### YOUR GOAL
Word for word, copy the lines beginning at the one with "A group of professionals" and ending at the last line below; pictures stay out.

☆ ☆ ☆ ☆ ☆

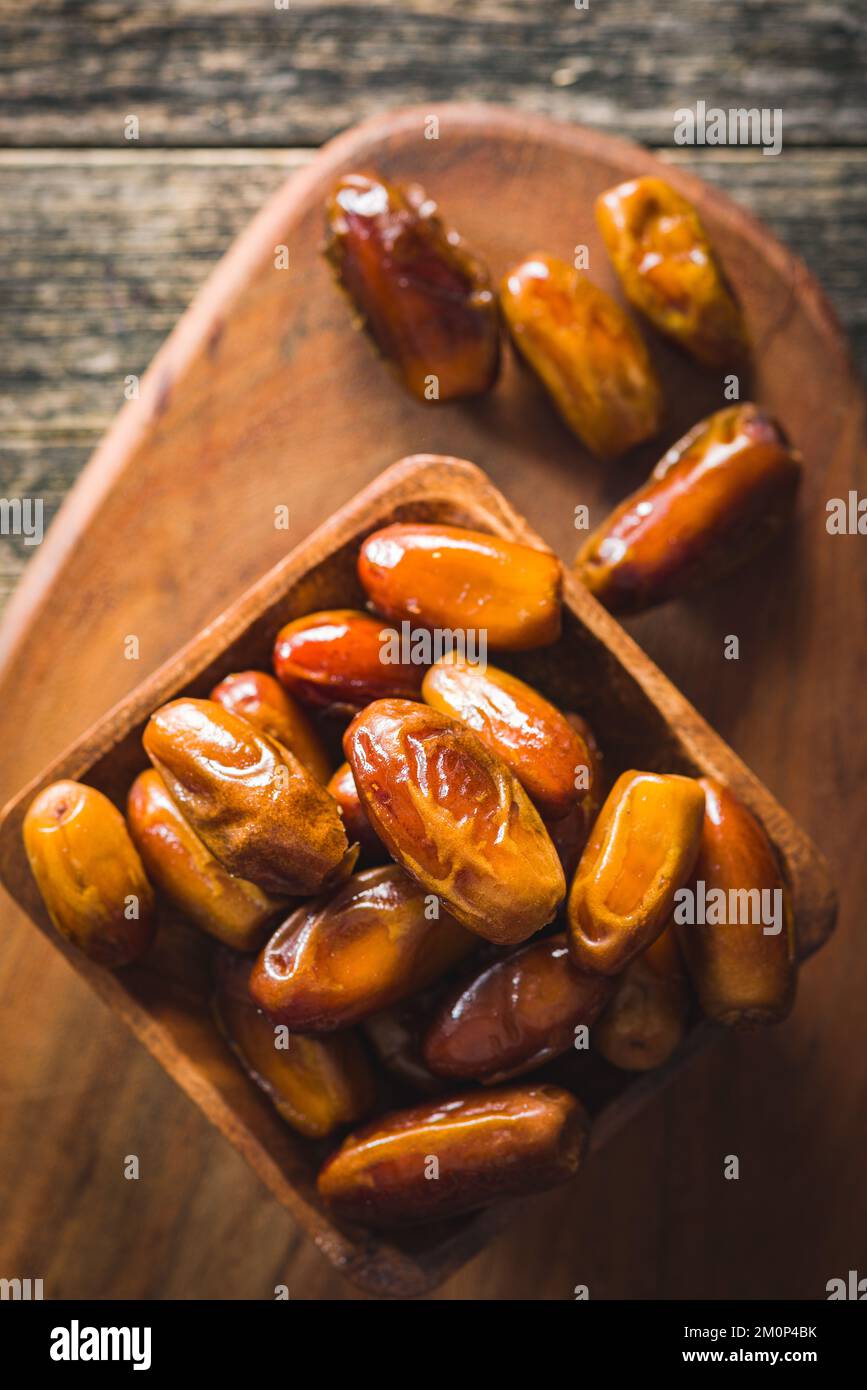Dried dates fruit in the wooden bowl. Top view Stock Photo - Alamy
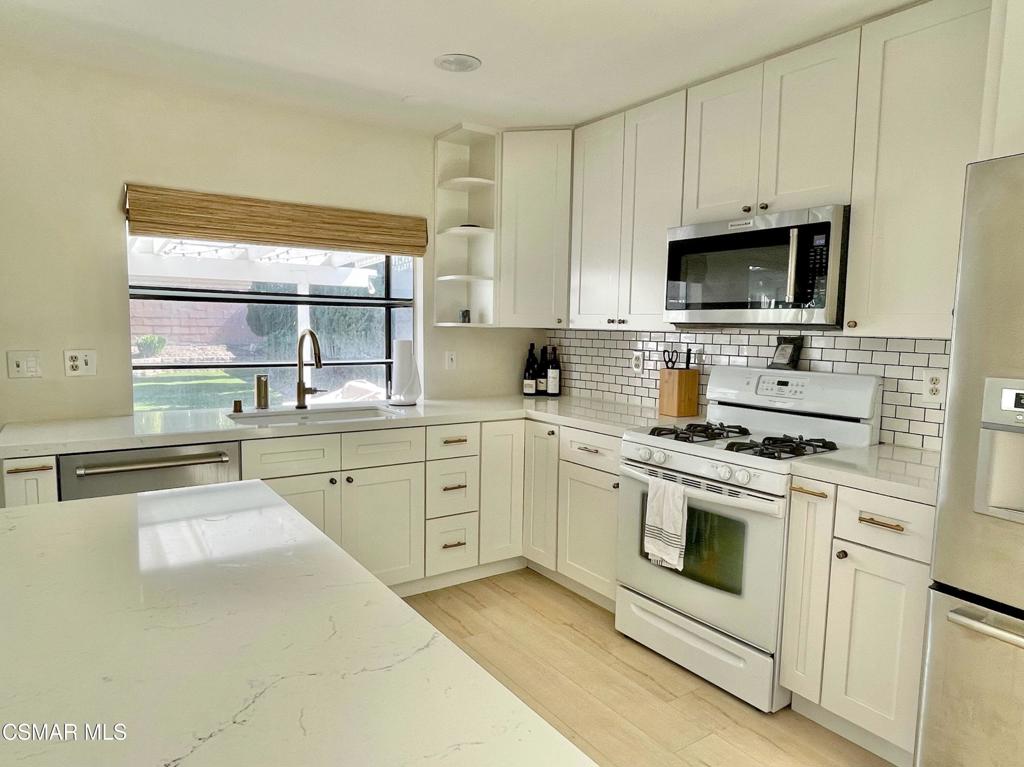 1594 Willowbrook Lane Simi Valley, CA 93065 - Photo 7 of 20 a kitchen with cabinets stainless steel appliances and a window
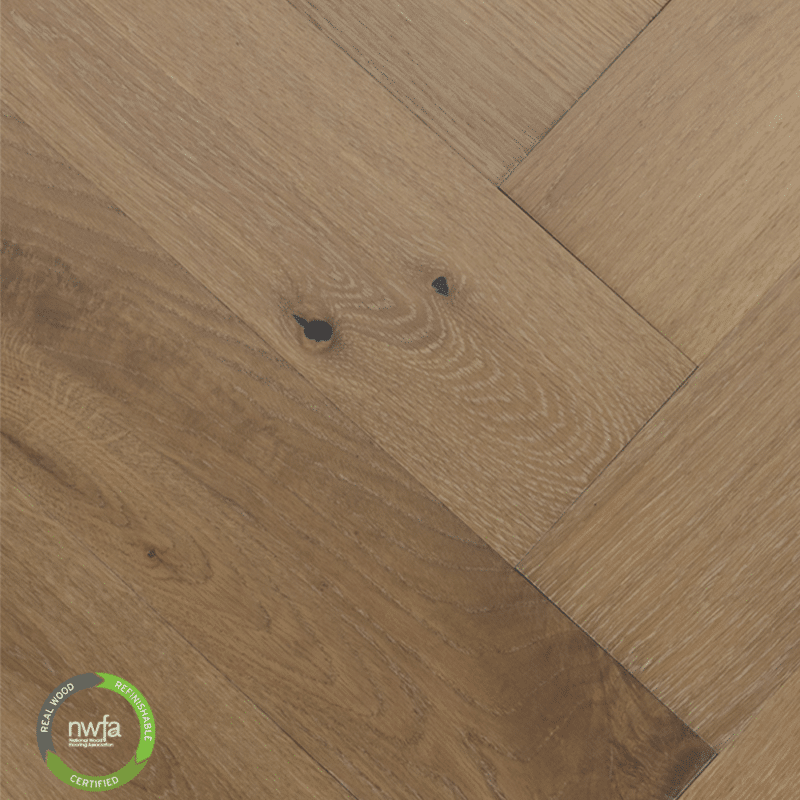 The Castillian Premier Herringbone collection, White Oak Natural floor, finely selected from Vietnam, is an artistically crafted example of engineered hardwood flooring.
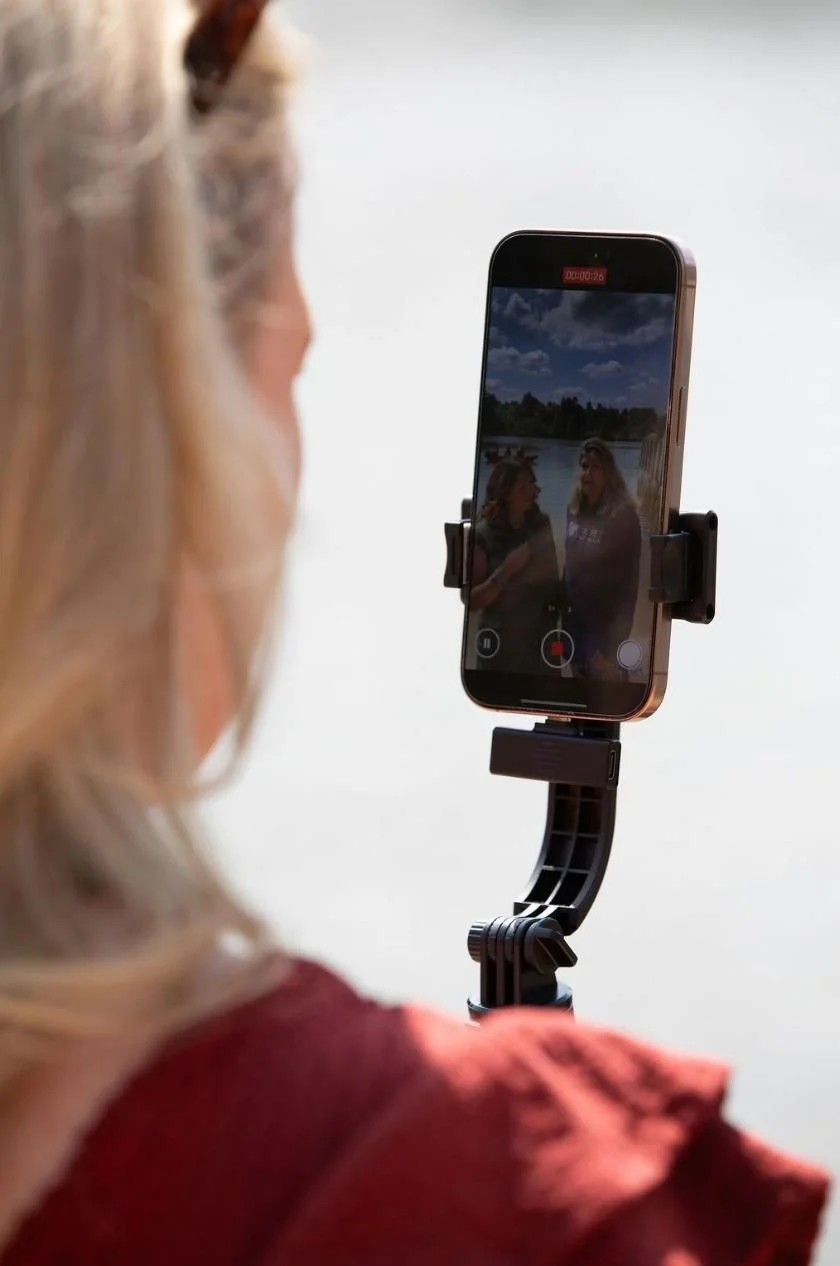 A woman with blonde hair in a red shirt records a video of two young women outdoors by a body of water, with a partly cloudy sky in the background.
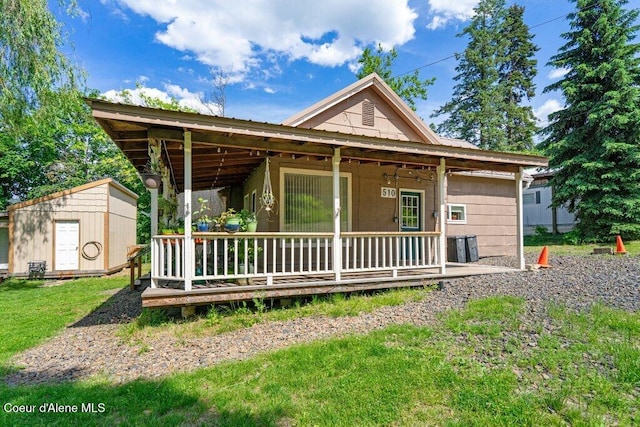 510 S 2nd St, Saint Maries, ID 83861 - view of front of house featuring a shed and a front lawn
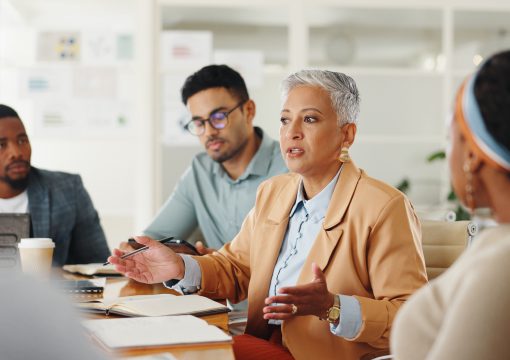 A group of professionals sit around a table in an office. A woman with short gray hair and a tan blazer discusses managed services, gesturing with her hands, while others listen attentively. Notebooks, laptops, and a coffee cup are visible on the table.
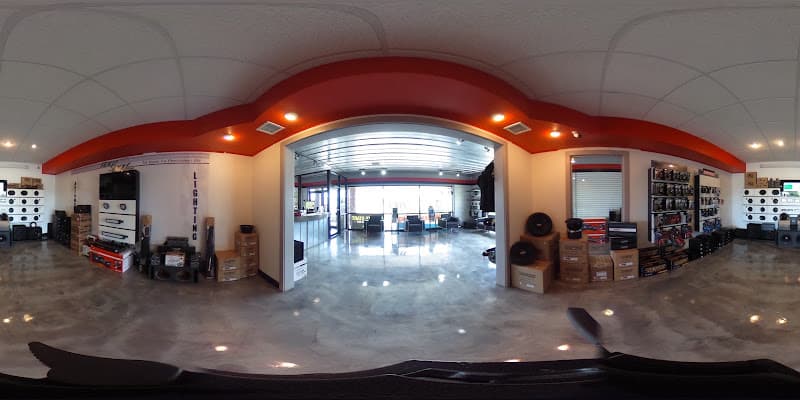 Panoramic showroom view with speaker displays and a red ceiling arch at 316 CUSTOMS in Wichita, Kansas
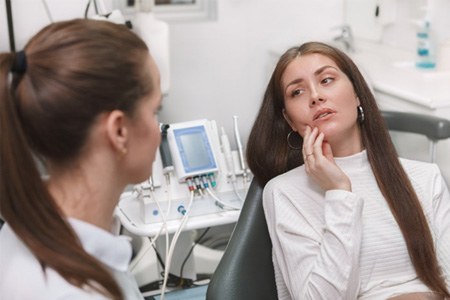 Woman with tooth pain visiting emergency dentist in Fort Worth, TX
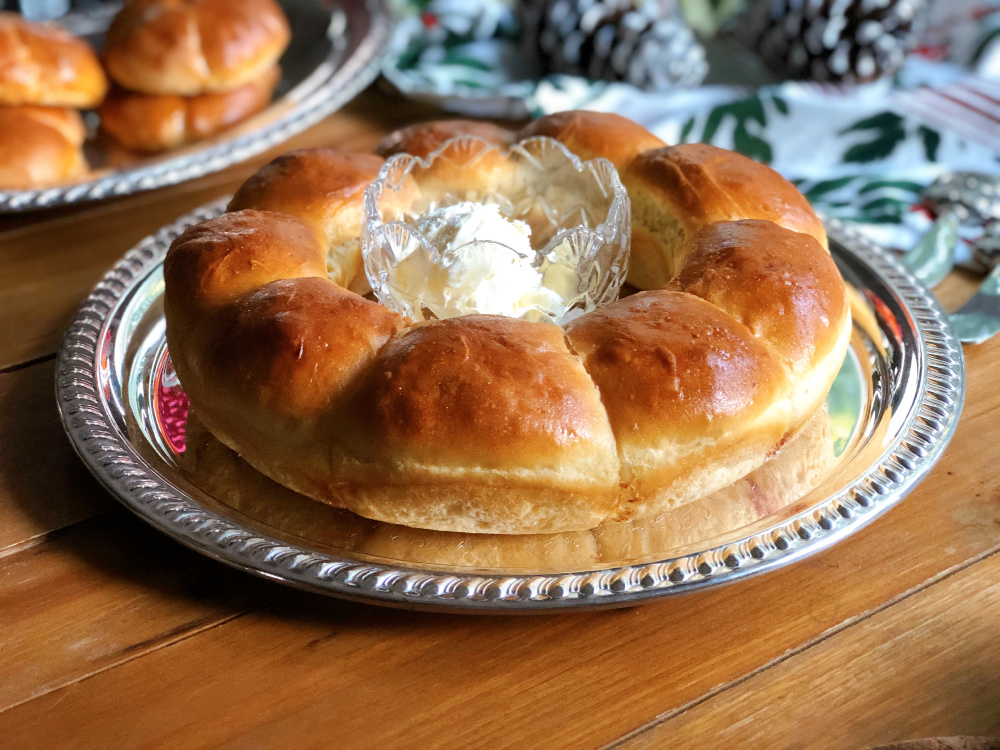 Rutabagas dinner rolls served on a tray with whipped butter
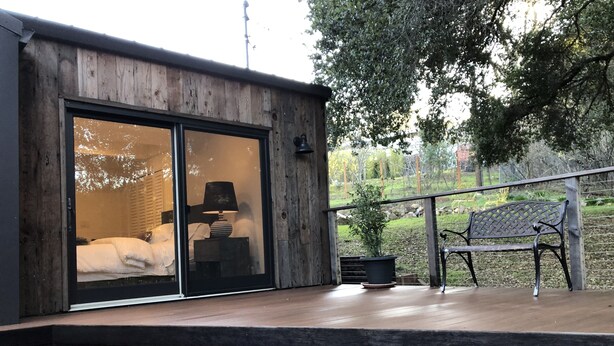 A modern building with a large sliding glass door leading to a bedroom with a bed and a lamp. There is a wooden deck with steps and a bench.
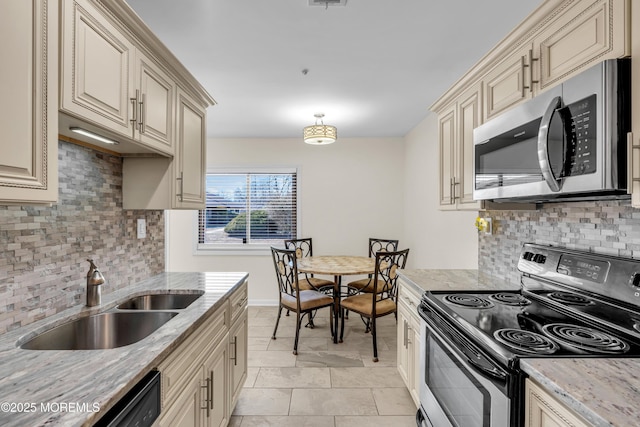 kitchen with appliances with stainless steel finishes, a sink, light stone counters, and cream cabinets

☆ ☆ ☆ ☆ ☆

### RESULT FOR THIS TASK
 A group of professionals sit around a table in an office. A woman with short gray hair and a tan blazer discusses managed services, gesturing with her hands, while others listen attentively. Notebooks, laptops, and a coffee cup are visible on the table.
 Panoramic showroom view with speaker displays and a red ceiling arch at 316 CUSTOMS in Wichita, Kansas
 Woman with tooth pain visiting emergency dentist in Fort Worth, TX
 Rutabagas dinner rolls served on a tray with whipped butter
 A modern building with a large sliding glass door leading to a bedroom with a bed and a lamp. There is a wooden deck with steps and a bench.
 kitchen with appliances with stainless steel finishes, a sink, light stone counters, and cream cabinets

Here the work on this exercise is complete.